It was yet another display of Kennedy's extraordinary emotional impact on Negroes. In the early days of the Kennedy Administration, both Jack and Bobby were criticized by black leaders for inadequate and tardy attention to civil rights. That attitude changed gradually, so that now, when Kennedy visits Watts, the word is "Make way for the President." In Washington's ghetto recently, he was greeted as a "blue-eyed soul brother."

While Columbus Negroes were demonstrating that brotherhood, the Ohio delegation cooled its heels for two hours in the Neil House Hotel. Kenny O'Donnell had sent word: "Be on time. These are delegates." But for Kennedy, it was more important to bring out the crowds, to show the Ohio politicians his pulling power on the streets. The delegates, he figures, will come over only if he proves to them that he can electrify the electorate. Until June 4, his aim is not to wrestle delegates to the ground in non-primary states, but merely to keep them out of Humphrey's hammerlock.
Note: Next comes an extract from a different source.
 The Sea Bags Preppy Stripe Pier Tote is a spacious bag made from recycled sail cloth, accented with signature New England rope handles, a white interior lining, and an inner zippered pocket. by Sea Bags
"I'm not going to ask for your support on the basis that you were friendly to a relative of mine eight years ago," he told the Ohioans. "I'm asking for a fair shake, and when this is over, I'm coming back to Ohio and hope to talk about my record then." This is a far cry from the Kennedys' bone-crushing approach to Ohio in 1960, when they virtually forced Governor Mike Di Salle to stand aside as a favorite son so that Jack Kennedy could have the field to himself. Di Salle cooperated and, despite his hurt feelings, is a Kennedy backer today.

Old Enmity. As Kennedy strategists view the race, McCarthy is finished as a serious candidate, although he might still give them competition in Oregon next week and California the week after. Kennedy studiously avoids taking any pokes at McCarthy in the hope that eventually he will inherit some of the delegate strength remaining in the

Minnesotan's quiver. From McCarthy himself, Kennedy can hope for little. The two men's long-standing antipathy --going back to McCarthy's anti-Kennedy stand in 1960--has not softened at all this year despite their similarity of views on Viet Nam. While Kennedy has been needling Humphrey, McCarthy has been complaining that some Kennedy supporters have distributed nasty half-truths about his record as a Senator. "It is not the kind of politics," averred McCarthy, "to which I would lend my name or allow to go on without repudiating it."
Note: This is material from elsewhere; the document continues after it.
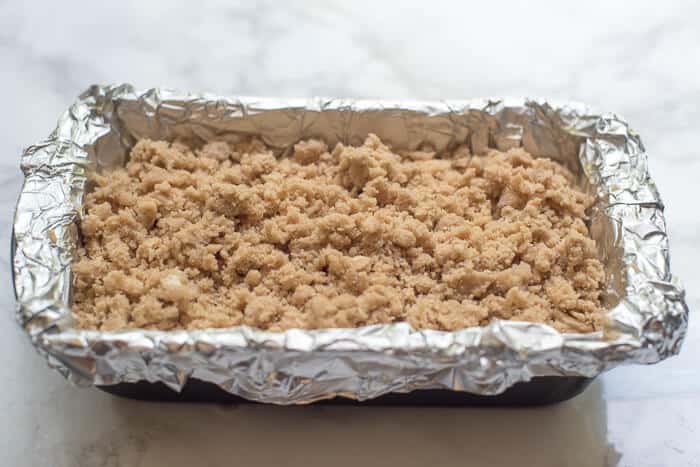 The crumb mixture on top of the cake batter in the loaf pan.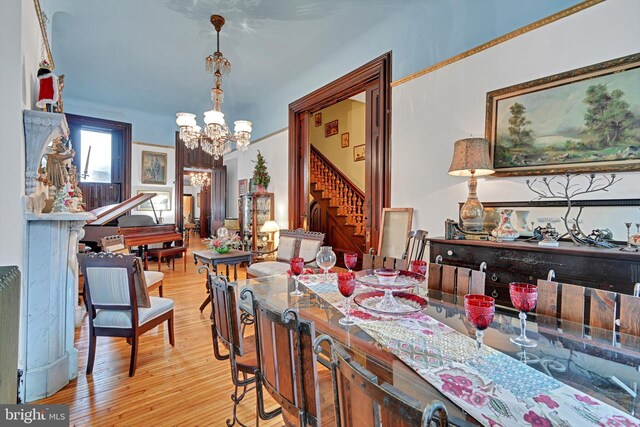 226 S 5th St, Reading, PA 19602 - dining space featuring a chandelier, stairs, and wood finished floors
But McCarthy does not rule out the possibility of a coalition with Humphrey: "It all depends on the progress of the peace talks, on Humphrey's positions, and on the progress of the campaign." Just how many delegates McCarthy would actually be able to transfer, however, is uncertain. If he fares poorly on the first ballot in Chicago, his control over those bound to him either by loyalty or law could disintegrate completely.

Wide, Not Strong. Humphrey, meanwhile, has been making progress on two fronts. Recently he has collected a bag of delegates in state conventions and caucuses in Maryland, Delaware, Arizona, Wyoming, Nevada, Hawaii, Alaska and Maine. Humphrey has also been doing well against Kennedy in public-opinion polls, outdistancing him by nine points in the Gallup sampling of Democrats reported last week. In April, Kennedy led by four. Humphrey has labor backing and strong support from businessmen, who by and large still distrust Bobby. He has even been gaining among younger voters--ostensibly Kennedy's strongest bloc. The May survey, however, was taken before Indiana and Nebraska: these and future primaries could affect the polls in Kennedy's favor.

"Obviously," says Kennedy, "I'm going to have trouble with Vice President

Humphrey." Larry O'Brien acknowledges that "Humphrey's base is relatively wide--now--but it is not strong." That is, many of the delegates now counted as committed or favor able to Humphrey are under no compulsion to remain so. Also, there have been no binding stands taken in some of the biggest Northern delegations, such as those from Illinois, Ohio, Michigan, Pennsylvania and New Jersey, although Humphrey is thought to have considerable strength in several of them. Chicago's Mayor Richard Daley, who could be the single most influential delegation chief at the convention he will host, maintains a cagey silence, although he did allow last week that Kennedy's Nebraska showing was "impressive."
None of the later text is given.